Problem requirements →
Your copy should match the records exactly, apart from the pictures, which stay out.

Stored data
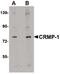 Collapsin Response Mediator Protein 1 antibody, PA5-20677, Invitrogen Antibodies, Western Blot image 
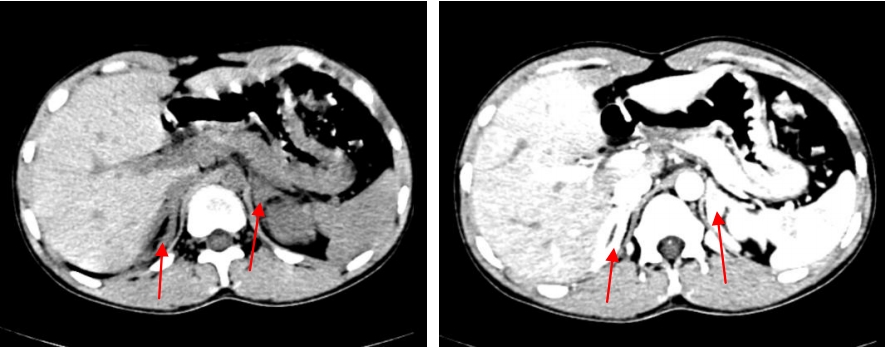 7,肾上腺ct:双侧肾上腺增生             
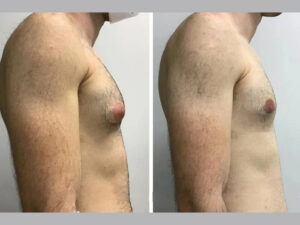 gynecomastia in dubai
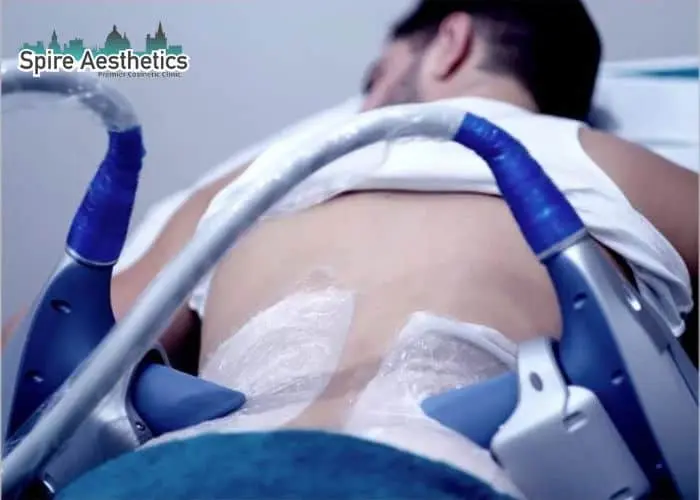 Man having fat freezing treatment done on love handles before a competitions Stoke upon Trent to create a sculpted look.
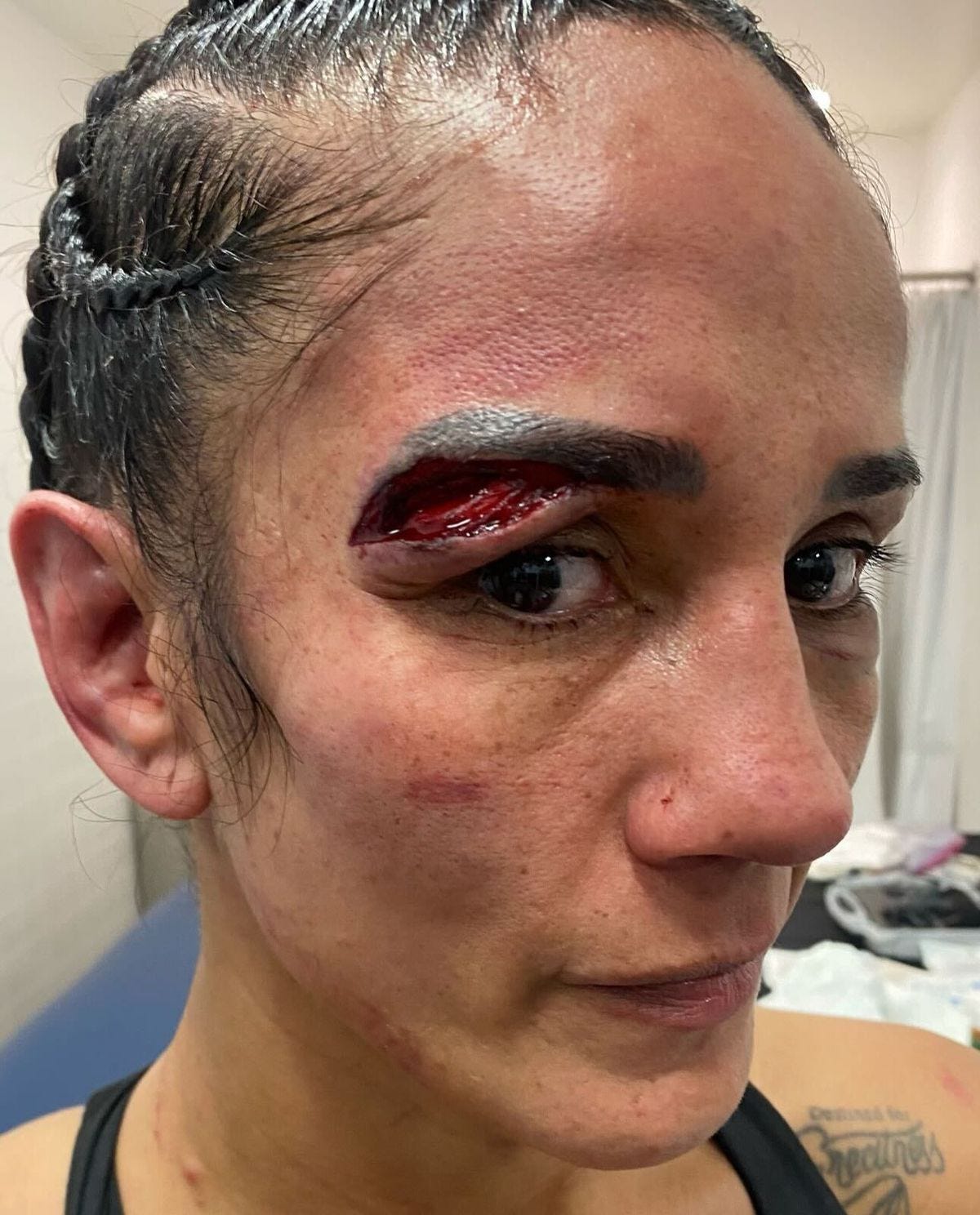 Amanda Serrano loses boxing contest after repeated head butts cause bad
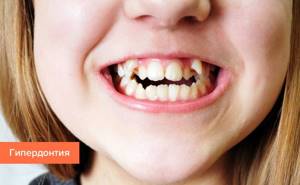 Фото сверхкомплектных зубов (гипердонтии) у ребенка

Response to the task →
 Collapsin Response Mediator Protein 1 antibody, PA5-20677, Invitrogen Antibodies, Western Blot image 
 7,肾上腺ct:双侧肾上腺增生             
 gynecomastia in dubai
 Man having fat freezing treatment done on love handles before a competitions Stoke upon Trent to create a sculpted look.
 Amanda Serrano loses boxing contest after repeated head butts cause bad
 Фото сверхкомплектных зубов (гипердонтии) у ребенка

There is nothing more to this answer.